Goal of the exercise >>
Repeat the entries exactly, and do not carry the pictures over.
::: Records for processing
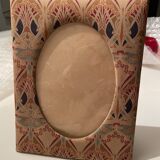 Liberty fabric frame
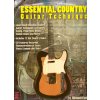 22306 essential country guitar technique cd kytara tabulatura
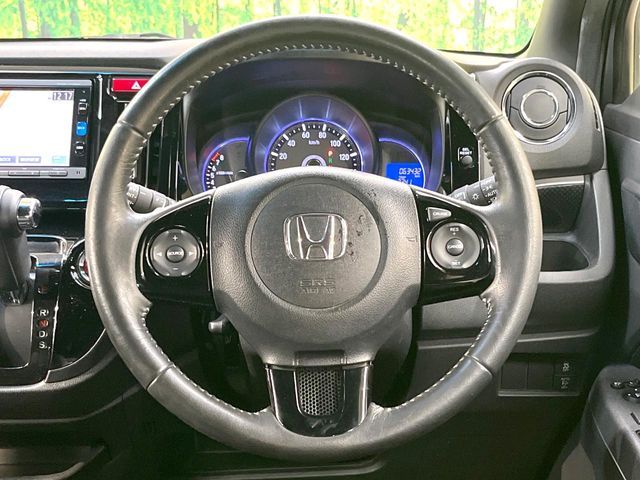 HONDA N-WGN CUSTOM 2017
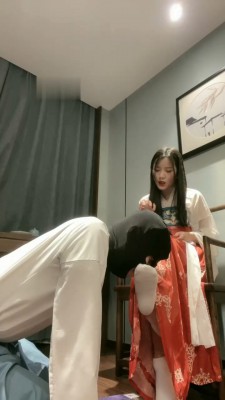 图片[2]_【漫漫】古装诱惑-大小姐虐_绳艺库视频下载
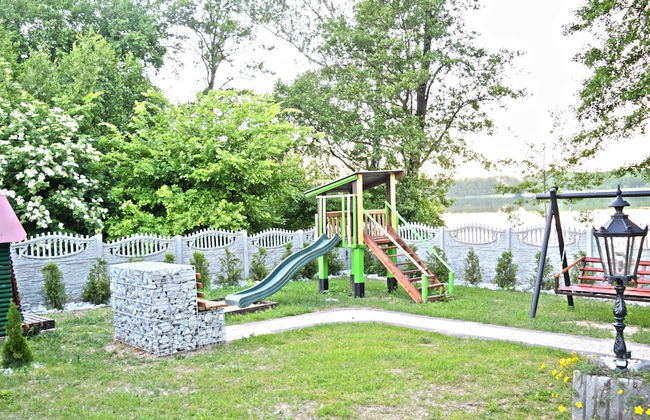 Holiday Home by Lake in Nowa Wioska - Foto 15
::::::
Answer space >>
 Liberty fabric frame
 22306 essential country guitar technique cd kytara tabulatura
 HONDA N-WGN CUSTOM 2017
 图片[2]_【漫漫】古装诱惑-大小姐虐_绳艺库视频下载
 Holiday Home by Lake in Nowa Wioska - Foto 15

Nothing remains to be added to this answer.